- Produced by: Tony Coutinho; Chris Perry;
- Starring: C. Alvares; Ophelia; Rico Rod; Cyriaco Dias; Robin Vaz; Souza Ferrao; Betty Fernandes; Paul Romy;
- Release date: 1977;
- Country: India
- Language: Konkani

= Bhuierantlo Munis =

Bhuierantlo Munis (Cave Man) is a 1977 Indian Konkani-language drama film. The first colour film in Konkani, it was produced under the banner of Chripton Motion Pictures by Tony Coutinho and Chris Perry and released in 1977. The film was shot in Goa, and also has footage shot in Paris, America and an ice-skating competition in Russia.

==Plot==
The movie's story is based on Alexandre Dumas's novel The Count of Monte Cristo, which in turn was based on a Goan, Abbe Faria.

==Cast==
The film has Ivo Almeida Coutinho and Helen Pereira in the main lead and a star cast consisting of C. Alvares, Ophelia, Rico Rod, Cyriaco Dias, Robin Vaz, Souza Ferrao, Betty Fernandes, comedian Paul Romy and in a guest role, model Radha Bartake.

==Music==
The music for the film was provided by the producer Chris Perry, who had earlier composed music for Bollywood films. Chris Perry wrote lyrics for and composed all the songs, except for the traditional dulpods.

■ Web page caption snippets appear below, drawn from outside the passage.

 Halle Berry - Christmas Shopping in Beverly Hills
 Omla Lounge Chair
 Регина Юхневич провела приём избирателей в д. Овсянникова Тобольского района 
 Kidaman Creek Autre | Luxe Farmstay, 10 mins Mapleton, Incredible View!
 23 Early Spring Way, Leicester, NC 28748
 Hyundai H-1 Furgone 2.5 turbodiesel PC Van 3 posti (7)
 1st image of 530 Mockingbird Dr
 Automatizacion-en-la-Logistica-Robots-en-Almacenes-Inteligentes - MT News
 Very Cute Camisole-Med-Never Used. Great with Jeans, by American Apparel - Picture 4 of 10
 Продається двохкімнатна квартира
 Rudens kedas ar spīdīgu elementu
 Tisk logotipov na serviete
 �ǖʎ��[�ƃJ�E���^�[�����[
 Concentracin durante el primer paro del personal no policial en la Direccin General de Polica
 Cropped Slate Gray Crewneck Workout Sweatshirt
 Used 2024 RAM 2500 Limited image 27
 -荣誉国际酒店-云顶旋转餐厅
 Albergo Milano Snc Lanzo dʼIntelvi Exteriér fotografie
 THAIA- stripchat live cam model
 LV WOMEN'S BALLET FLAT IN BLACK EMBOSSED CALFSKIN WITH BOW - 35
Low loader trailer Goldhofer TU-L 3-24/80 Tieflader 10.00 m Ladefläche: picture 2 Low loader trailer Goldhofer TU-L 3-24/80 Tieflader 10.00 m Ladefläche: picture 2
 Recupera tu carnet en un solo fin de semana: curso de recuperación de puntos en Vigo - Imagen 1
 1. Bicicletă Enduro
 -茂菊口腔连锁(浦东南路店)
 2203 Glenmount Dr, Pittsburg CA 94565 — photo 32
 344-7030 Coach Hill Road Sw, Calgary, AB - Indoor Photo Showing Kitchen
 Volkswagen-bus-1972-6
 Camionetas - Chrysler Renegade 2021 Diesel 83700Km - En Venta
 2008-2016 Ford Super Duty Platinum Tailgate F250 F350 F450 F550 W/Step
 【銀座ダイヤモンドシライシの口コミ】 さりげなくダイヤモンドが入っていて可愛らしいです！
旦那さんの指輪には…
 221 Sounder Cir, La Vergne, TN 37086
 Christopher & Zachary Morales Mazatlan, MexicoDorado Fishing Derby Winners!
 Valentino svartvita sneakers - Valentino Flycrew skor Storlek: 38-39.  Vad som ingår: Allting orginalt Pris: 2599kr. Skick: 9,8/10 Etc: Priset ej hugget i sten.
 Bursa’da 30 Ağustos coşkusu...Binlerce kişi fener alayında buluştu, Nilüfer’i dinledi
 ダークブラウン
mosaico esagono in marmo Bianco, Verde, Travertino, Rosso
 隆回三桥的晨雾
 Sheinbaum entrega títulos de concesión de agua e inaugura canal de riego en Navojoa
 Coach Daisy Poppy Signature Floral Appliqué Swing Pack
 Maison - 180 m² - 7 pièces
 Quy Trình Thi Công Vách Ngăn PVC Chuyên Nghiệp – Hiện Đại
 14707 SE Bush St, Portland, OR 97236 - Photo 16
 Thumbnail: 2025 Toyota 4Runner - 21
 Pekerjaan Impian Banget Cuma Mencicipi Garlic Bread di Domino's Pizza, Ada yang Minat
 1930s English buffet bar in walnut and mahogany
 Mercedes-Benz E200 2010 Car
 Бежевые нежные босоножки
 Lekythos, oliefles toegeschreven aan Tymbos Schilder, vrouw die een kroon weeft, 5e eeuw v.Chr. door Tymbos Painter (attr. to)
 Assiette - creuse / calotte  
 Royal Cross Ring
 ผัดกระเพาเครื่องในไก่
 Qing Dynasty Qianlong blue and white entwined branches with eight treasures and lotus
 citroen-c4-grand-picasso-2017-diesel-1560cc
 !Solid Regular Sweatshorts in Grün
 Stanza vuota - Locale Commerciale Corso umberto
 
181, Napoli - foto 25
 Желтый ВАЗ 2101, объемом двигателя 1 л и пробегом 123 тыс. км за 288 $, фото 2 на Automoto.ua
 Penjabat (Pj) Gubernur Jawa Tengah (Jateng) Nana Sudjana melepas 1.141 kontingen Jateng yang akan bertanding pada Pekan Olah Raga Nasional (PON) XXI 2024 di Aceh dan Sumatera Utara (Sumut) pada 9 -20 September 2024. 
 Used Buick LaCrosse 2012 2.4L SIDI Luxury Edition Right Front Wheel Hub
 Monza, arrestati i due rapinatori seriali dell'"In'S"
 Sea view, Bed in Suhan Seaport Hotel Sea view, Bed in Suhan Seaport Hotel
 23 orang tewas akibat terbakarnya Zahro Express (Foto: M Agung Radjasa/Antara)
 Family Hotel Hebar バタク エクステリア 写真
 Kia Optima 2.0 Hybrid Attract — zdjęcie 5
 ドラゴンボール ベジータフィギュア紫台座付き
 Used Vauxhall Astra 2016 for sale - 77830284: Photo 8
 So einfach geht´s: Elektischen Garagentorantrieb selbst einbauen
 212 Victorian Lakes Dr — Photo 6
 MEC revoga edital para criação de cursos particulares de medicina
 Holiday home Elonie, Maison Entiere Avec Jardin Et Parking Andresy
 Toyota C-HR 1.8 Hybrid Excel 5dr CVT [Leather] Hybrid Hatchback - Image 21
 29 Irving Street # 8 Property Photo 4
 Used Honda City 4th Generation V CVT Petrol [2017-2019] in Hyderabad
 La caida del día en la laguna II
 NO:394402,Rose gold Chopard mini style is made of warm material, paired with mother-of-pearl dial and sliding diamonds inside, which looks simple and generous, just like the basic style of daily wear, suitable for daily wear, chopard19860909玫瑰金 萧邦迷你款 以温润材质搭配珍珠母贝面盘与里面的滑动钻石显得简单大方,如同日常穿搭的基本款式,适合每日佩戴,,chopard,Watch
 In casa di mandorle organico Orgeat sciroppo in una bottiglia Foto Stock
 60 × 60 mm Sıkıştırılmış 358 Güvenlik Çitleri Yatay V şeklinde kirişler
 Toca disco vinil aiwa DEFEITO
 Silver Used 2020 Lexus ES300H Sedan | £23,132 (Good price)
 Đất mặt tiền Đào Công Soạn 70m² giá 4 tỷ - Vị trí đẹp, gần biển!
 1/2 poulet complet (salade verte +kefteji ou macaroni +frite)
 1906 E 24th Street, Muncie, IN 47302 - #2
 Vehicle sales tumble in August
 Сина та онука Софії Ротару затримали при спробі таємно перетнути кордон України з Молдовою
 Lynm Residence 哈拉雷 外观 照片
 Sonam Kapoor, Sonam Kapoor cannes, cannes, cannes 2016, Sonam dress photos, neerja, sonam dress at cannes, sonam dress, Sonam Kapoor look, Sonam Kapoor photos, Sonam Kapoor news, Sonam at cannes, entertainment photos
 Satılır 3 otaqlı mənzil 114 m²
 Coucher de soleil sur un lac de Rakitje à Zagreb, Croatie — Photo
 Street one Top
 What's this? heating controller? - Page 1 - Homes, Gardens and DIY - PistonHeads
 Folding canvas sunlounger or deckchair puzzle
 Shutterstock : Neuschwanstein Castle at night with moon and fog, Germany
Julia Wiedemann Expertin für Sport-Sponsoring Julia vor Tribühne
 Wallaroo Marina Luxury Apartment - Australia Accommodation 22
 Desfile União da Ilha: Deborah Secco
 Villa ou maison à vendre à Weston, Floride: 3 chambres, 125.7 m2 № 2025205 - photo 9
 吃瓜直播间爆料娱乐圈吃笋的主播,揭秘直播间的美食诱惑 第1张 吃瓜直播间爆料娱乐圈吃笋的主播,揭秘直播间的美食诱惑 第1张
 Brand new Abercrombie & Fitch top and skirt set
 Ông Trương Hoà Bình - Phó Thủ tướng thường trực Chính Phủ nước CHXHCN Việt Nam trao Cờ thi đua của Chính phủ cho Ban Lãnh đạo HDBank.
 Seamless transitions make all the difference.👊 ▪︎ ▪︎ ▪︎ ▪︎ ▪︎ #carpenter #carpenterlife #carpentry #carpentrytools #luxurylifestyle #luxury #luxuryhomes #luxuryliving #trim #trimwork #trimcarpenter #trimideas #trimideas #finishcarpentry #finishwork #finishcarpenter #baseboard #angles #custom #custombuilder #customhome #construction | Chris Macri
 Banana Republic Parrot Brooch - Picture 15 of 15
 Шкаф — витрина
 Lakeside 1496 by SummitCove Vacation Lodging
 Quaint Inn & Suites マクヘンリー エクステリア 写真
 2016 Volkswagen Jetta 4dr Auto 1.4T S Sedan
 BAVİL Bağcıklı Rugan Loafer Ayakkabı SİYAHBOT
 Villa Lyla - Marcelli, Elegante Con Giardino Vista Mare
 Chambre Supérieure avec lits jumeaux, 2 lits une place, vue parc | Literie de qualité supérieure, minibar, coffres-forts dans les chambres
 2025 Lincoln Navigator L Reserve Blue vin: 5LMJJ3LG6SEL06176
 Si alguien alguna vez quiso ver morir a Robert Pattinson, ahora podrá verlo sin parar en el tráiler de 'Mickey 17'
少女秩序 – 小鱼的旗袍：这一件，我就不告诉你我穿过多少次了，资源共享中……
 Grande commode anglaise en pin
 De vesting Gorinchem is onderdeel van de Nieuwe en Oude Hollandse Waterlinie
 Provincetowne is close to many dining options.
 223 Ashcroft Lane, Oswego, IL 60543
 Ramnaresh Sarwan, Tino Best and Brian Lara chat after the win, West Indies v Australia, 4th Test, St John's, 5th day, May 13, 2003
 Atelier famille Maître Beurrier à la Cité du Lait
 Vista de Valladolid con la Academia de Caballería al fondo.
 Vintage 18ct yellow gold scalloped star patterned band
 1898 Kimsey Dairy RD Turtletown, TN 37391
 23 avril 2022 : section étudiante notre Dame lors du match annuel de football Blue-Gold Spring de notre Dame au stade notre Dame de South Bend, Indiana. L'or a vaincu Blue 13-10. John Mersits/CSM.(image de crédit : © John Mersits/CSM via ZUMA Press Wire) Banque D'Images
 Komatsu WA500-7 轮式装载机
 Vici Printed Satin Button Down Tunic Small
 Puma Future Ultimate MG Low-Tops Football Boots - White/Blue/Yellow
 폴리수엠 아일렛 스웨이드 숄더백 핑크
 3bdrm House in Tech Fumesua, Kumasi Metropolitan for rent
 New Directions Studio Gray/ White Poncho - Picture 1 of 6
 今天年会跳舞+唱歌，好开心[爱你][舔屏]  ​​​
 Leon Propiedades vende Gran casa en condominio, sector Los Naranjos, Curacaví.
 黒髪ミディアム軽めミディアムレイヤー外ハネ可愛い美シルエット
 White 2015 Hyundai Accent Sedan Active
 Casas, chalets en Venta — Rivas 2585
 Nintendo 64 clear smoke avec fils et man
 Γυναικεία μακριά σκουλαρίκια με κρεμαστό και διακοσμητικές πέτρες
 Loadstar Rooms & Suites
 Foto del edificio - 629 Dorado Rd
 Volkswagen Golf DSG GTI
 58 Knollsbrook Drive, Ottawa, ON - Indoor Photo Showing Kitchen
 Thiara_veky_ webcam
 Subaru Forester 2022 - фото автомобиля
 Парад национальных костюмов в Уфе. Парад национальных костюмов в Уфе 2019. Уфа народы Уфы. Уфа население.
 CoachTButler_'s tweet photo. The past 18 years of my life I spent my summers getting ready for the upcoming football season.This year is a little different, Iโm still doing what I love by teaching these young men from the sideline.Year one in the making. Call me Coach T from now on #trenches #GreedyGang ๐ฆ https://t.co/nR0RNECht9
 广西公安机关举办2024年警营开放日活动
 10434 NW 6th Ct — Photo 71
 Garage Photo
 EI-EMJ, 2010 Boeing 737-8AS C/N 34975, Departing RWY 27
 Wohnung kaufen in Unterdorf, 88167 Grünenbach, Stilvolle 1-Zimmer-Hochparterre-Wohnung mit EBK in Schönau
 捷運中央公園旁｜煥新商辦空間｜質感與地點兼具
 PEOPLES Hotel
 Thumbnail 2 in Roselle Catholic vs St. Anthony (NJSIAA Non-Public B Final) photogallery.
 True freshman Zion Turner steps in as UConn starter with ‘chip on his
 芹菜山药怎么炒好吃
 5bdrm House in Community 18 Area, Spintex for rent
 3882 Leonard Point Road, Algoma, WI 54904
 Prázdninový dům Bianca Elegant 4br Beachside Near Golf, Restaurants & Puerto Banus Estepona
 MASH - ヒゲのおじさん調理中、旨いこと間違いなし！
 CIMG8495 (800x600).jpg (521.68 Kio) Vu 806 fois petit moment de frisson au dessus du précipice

Asha Bhosle sang the title song of the movie Bhuierantlo Munis. Another immortal number from the movie was Nokre sung by Adolf. There were medley of dulpods including the popular Undrea Mhojea Mama, Moddgonvam Toviaguere, Combea Sadari, Chup Chup sung by Adolf and Mabel, Adeus sung by Adolf were other memorable numbers.

In versions apart from the movie, Combea Sadari was sung by Mohammad Rafi, and Nokre and Adeus were sung by Lorna.